Subsídios a ônibus foram os maiores gastos de SP no contexto da pandemia de covid-19, diz relatório do TCM

Secretaria Municipal de Transportes-SMT foi o órgão com maior peso na classificação “Covid-19p”, representando 86,7% dos valores empenhados líquidos de um total de R$ 3,5 bilhões; Gastos com transportes apresentaram aumento nominal de 16,6% ou aumento real de 10,4%

ADAMO BAZANI

Colaborou Alexandre Pelegi

O TCM (Tribunal de Contas do Município de São Paulo) publicou neste sábado, 17 de julho de 2021, relatório de análise dos gastos e arrecadação da prefeitura sobre o exercício de 2020, dando parecer favorável às contas.

O órgão, entretanto, fez alguns destaques e os dispêndios necessários para manter os transportes coletivos operando na cidade com demanda de passageiros menor do que antes da pandemia foi um dos principais aspectos relacionados pelos conselheiros.

Segundo o documento, os subsídios a ônibus foram os maiores gastos de São Paulo no contexto da pandemia de covid-19.

Somente para a SMT (Secretaria Municipal de Mobilidade e Transportes), responsável por operacionalizar os recursos dos subsídios ao sistema de ônibus, foram destinados quase 90% dos recursos para os gastos da classificação relacionada à covid-19 que totalizaram R$ 3,5 bilhões, como diz o relatório.

“A Secretaria Municipal de Transportes-SMT foi o órgão com maior gasto na classificação “Covid-19p”, representando 86,7% dos valores empenhados líquidos, decorrentes, principalmente, de repasses para compensações tarifárias do sistema de ônibus do Município” – diz o relatório que relaciona desembolsos para subsídios realizados até 16 de outubro de 2020:

Compensações Tarifárias

15 de janeiro de 2020: R$ 2,06 bilhões (R$ 2.065.770.000,00)

27 de agosto de 2020: R$ 550 milhões (R$ 550.000.000,00)

16 de outubro de 2020: R$ 110 milhões (R$110.000.000,00)

O relatório ressalta que apesar da classificação “covid-19”, nem todos os gastos incluídos representam de fato ações diretas para o combate à pandemia.

De toda a forma, o TCM enfatiza em outro trecho que os subsídios a ônibus foram os maiores impactos orçamentários da prefeitura dentro desta classificação.

O termo “Covid19p” foi destinado à utilização parcial dos recursos para o enfrentamento da Covid19, e alcançou o montante de R$3,5 bilhões, com a participação expressiva da Secretaria Municipal de Transportes-SMT, 86,7%, decorrentes, principalmente, de repasses para compensações tarifárias do sistema de ônibus do Município. Entretanto, a classificação “Covid19p” não permite a obtenção do valor empenhado exclusivamente nas ações de combate ao surto epidemiológico.

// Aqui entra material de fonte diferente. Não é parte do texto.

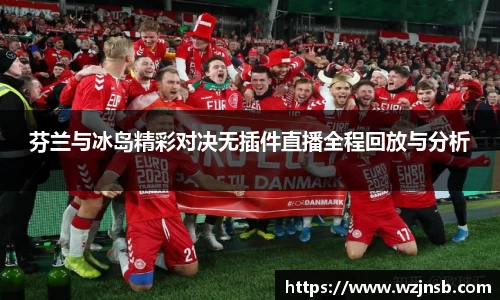 芬兰与冰岛精彩对决无插件直播全程回放与分析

Ainda de acordo com o relatório, os gastos com transportes apresentaram aumento nominal de 16,6% ou aumento real de 10,4%.

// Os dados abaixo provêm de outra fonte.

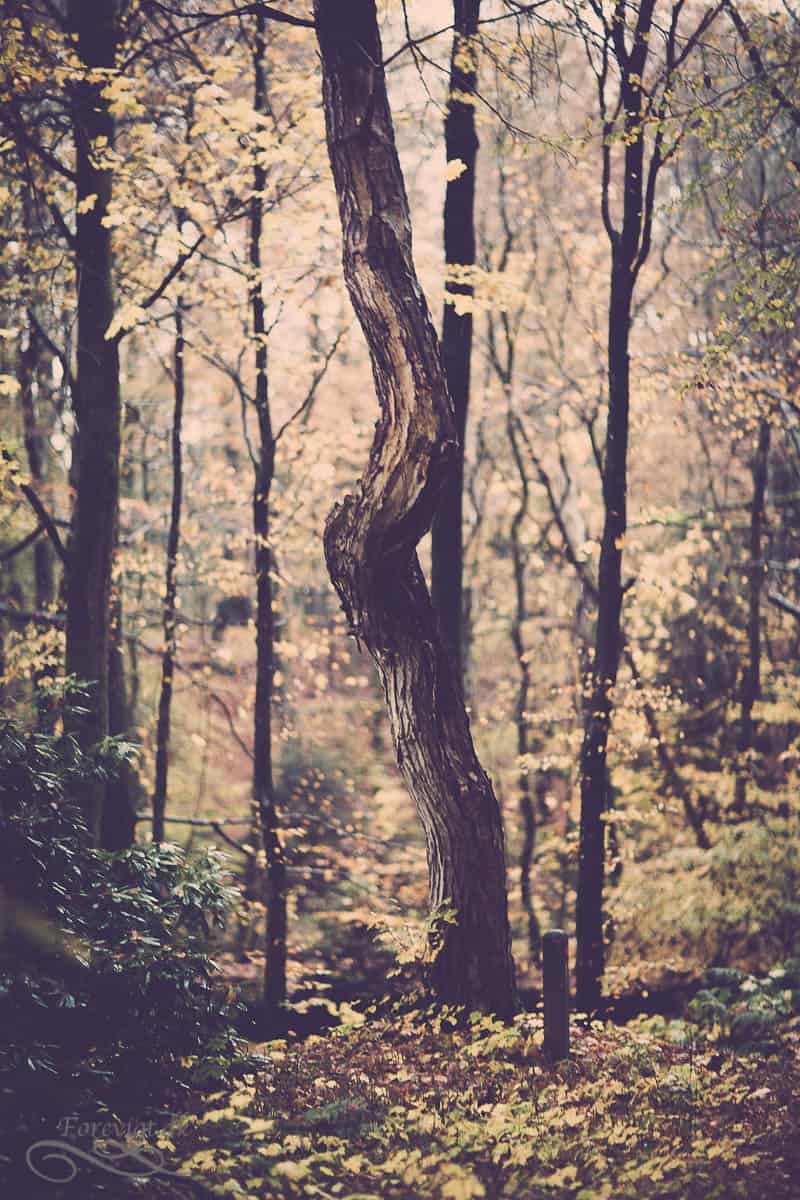 bryllupsfoto-1-148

“Do total de R$ 579,4 milhões de aumento nominal: R$ 205 milhões foram de compensações tarifárias do sistema de ônibus; R$ 192 milhões de manutenção e operação de terminais de ônibus; R$ 109,9 milhões de manutenção e operação do sistema municipal de transporte coletivo.” – diz mais um trecho do relatório.

Este aumento de gastos público para subsidiar os ônibus ocorre pelo modelo dos contratos assinados com as empresas de transportes.

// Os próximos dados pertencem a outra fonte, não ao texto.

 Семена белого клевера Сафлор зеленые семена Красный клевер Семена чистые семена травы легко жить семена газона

Como mostrou o Diário do Transporte, com dados da própria SPTrans (São Paulo Transporte), que gerencia o sistema, esta forma de contrato faz com que as empresas de ônibus na prática nunca tenham prejuízo porque há um índice que garante o equilíbrio econômico. As empresas de ônibus não são remuneradas apenas pela quantidade de passageiros transportados, mas por aspectos como custos, frota e prestações de serviços.

Relembre:

https://diariodotransporte.com.br/2021/03/29/empresas-de-onibus-nao-sao-mais-remuneradas-somente-por-passageiros-transportados-diz-sptrans/

Os contratos foram assinados em 06 de setembro de 2019 e o modelo de transportes previsto para a cidade ainda não foi implantado integralmente, havendo um período de transição afetado pela pandemia.

Os contratos preveem que este período de transição seria de 72 meses desde setembro de 2019, mas este prazo foi congelado devido à pandemia de covid-19, como mostra matéria do Diário do Transporte de setembro de 2020, mês em que deveria ser iniciada a implantação da nova rede em todos os seus aspectos.

Relembre:

https://diariodotransporte.com.br/2020/09/03/estudos-para-implantacao-de-nova-rede-de-onibus-em-sao-paulo-serao-retomados-apos-pandemia-diz-sptrans/

O Tribunal deu parecer favorável às contas de 2020, com ressalvas.